BANGUI, 23 sept 2003 (AFP) - 12h16 - "J'ai l'impression que certains dans cette salle ne connaissent pas la Centrafrique. Il faut un calendrier électoral qui tienne compte des réalités climatiques", lance un délégué du Dialogue national.
Depuis huit jours, à Bangui, les quelque 60 délégués de la commission "politique et diplomatie" passent studieusement au crible toutes les carences du système politique centrafricain, dans une salle de l'Assemblée nationale.
Ils tentent d'élaborer des recommandations qu'ils soumettront dans les jours à venir aux sessions plénières de ces assises de réconciliation, destinées à mettre un terme aux crises militaires qui déchirent le pays depuis
Lundi, la saison des pluies, qui s'étale de mi-avril à mi-novembre, s'est imposée au centre des discussions comme arbitre du calendrier électoral.
D'un point de vue météorologique, de nombreux délégués jugent irréaliste le programme du régime de "transition consensuelle" du général François Bozizé, au pouvoir depuis son coup d'Etat du 15 mars dernier.
Ce calendrier, dont l'exécution conditionnera la reprise de la coopération de la communauté internationale avec la Centrafrique, prévoit un référendum constitutionnel en septembre 2004, suivi avant la fin de la même année d'élections législatives et municipales, puis d'une élection présidentielle.
Mais ce programme coïncide partiellement avec les déluges de pluies tropicales qui transforment les pistes de l'arrière-pays en bourbiers impraticables.
"En saison des pluies, qu'on me dise qui, dans la préfecture de Batangafo, prendra son vélo avec des urnes et des bulletins et traversera la rivière Ouham pour aller faire voter les villages reculés?", interroge un ancien député de cette localité du nord du pays.
"Moi, je ne sais pas bien nager et je suis très vieux", s'amuse à son tour Louis-Pierre Gamba, vice-président du Rassemblement démocratique centrafricain.
Leur collègue Charles Massi fait remarquer que le régime s'est engagé à respecter ce calendrier auprès des bailleurs de fonds. "En 1993, on a organisé une présidentielle en pleine saison des pluies, à la satisfaction générale", relève-t-il.
"Mais il y avait les avions de l'armée française qui avaient effectué 900 heures de vol" pour transporter les bulletins de vote, objecte un délégué. "Vous savez combien ça coûte 900 heures de vol?
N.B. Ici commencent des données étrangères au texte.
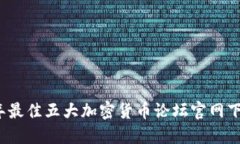 2023年最佳五大加密货币论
Va-t-on toujours demander des financements extérieurs?"
Un intervenant suggère que tout le calendrier électoral soit décalé. Ce qui repousserait l'élection présidentielle à mars 2005: "Bozizé a fait son coup d'Etat en mars, on peut bien voter en mars".
Plus tard, le débat se déplace sur l'intérêt de maintenir une Commission électorale indépendante: "conquête de l'opposition" pour les uns, "anomalie" pour ceux qui estiment que, "dans toute vraie démocratie, les élections dépendent du ministère de l'Intérieur".
On s'inquiète aussi du découpage électoral, trop favorable aux régions du nord pour certains délégués.
"Le principe de raison doit prévaloir", recommande l'ancien Premier ministre Jean-Paul Ngoupande, appelant à "des compromis nécessaires".
"Mais rien ne remplacera la bonne volonté des hommes à aller à des élections transparentes", prévient-il. "Si elles sont mal organisées, nous replongerons".